→ Exercise requirements
I would like the line with "Audasi 66FT/20M Retractable" and every line after it, down to the end of the entries below, output exactly and without pictures.

::: Data to examine :::

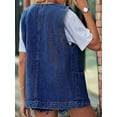 thumbnail image 6 of Plus Size Denim Vest Top for Women Button Down V Neck Waistcoat Sleeveless Jean Jacket Vests Dark Blue L, 6 of 9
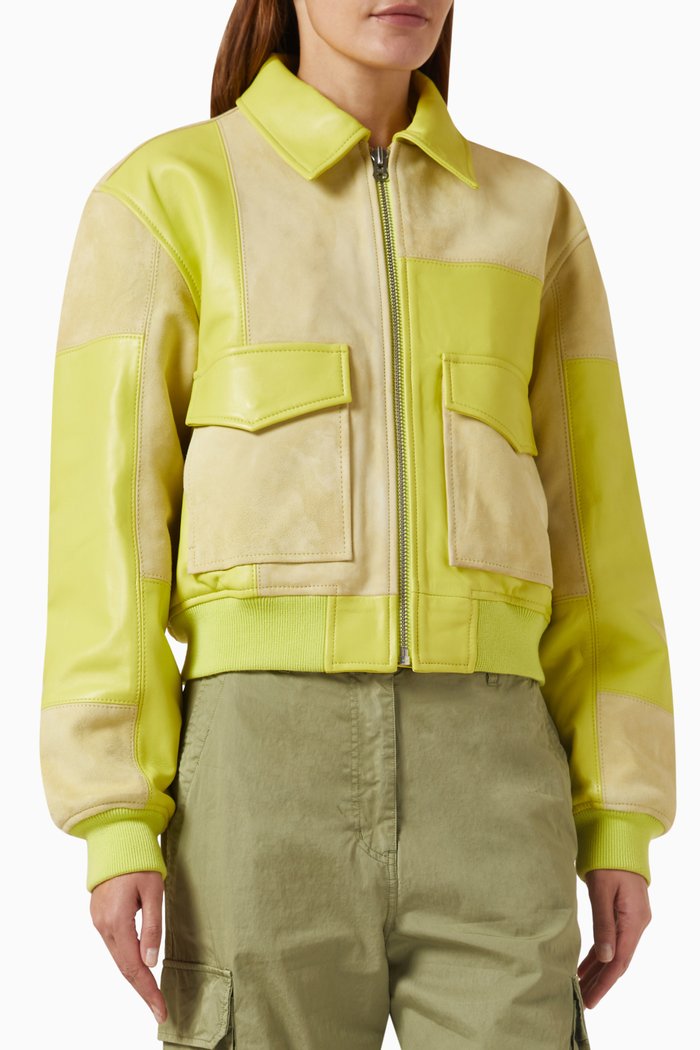

Sawyer Cropped Patchwork Jacket in Leather, Yellow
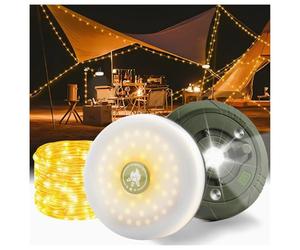Audasi 66FT/20M Retractable Camping String Lights Reel, Portable Stowable Strip Light with 8 Modes 2-in-1 Camping Lanterns for Outdoor Campsite Awning Bedroom Backyard Patio Party Festival Decor
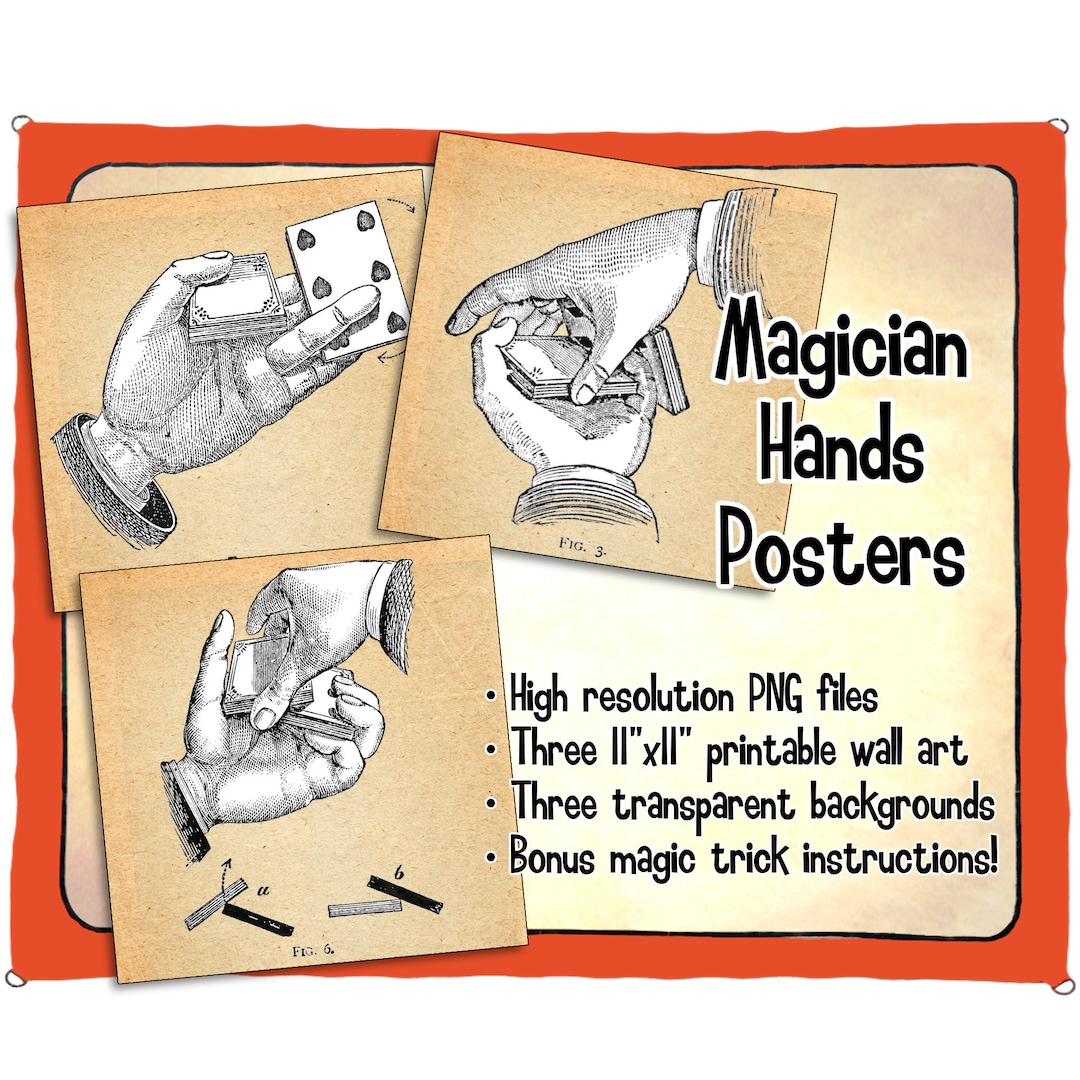 Magician's Hands Printable Wall Art Posters. Hi-res PNG Files Showing ...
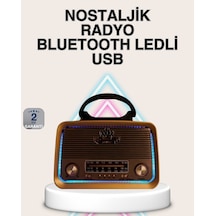 Ahşap Nostaljik Radyo Bluetooth Usb Sd Kart Destekli 79746138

:::

→ Your solution
Audasi 66FT/20M Retractable Camping String Lights Reel, Portable Stowable Strip Light with 8 Modes 2-in-1 Camping Lanterns for Outdoor Campsite Awning Bedroom Backyard Patio Party Festival Decor
 Magician's Hands Printable Wall Art Posters. Hi-res PNG Files Showing ...
 Ahşap Nostaljik Radyo Bluetooth Usb Sd Kart Destekli 79746138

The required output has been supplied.